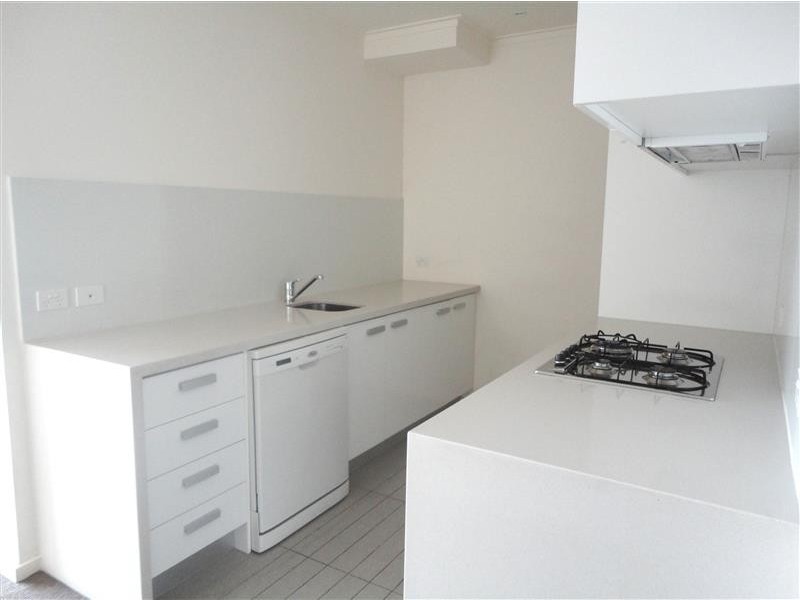 REF 21803/63 Whiteman Street, Southbank VIC 3006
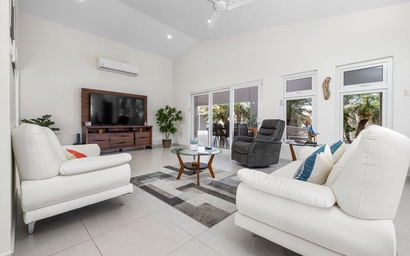 Chic & Serene 4BR Retreat –10 Min to Beaches! 5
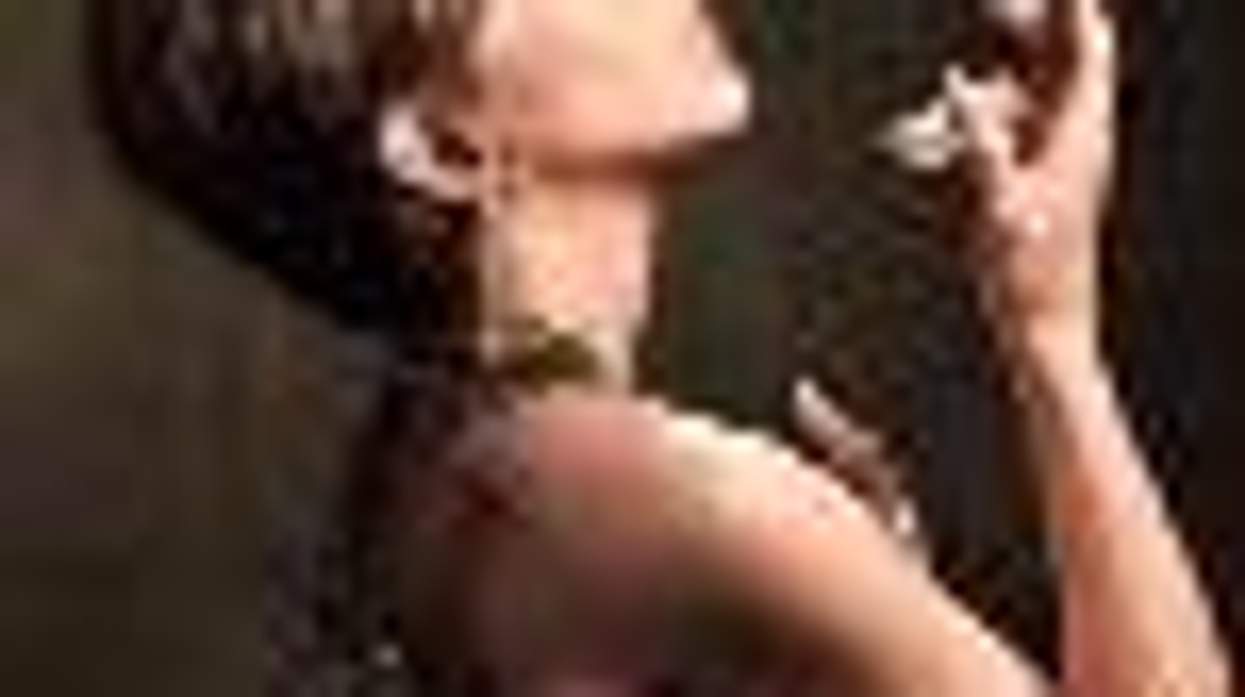 SheWired's Shot of the Day: Aniston Does Streisand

#### Exercise goal
Restate every line above exactly, omitting images.

#### Task response
 REF 21803/63 Whiteman Street, Southbank VIC 3006
 Chic & Serene 4BR Retreat –10 Min to Beaches! 5
 SheWired's Shot of the Day: Aniston Does Streisand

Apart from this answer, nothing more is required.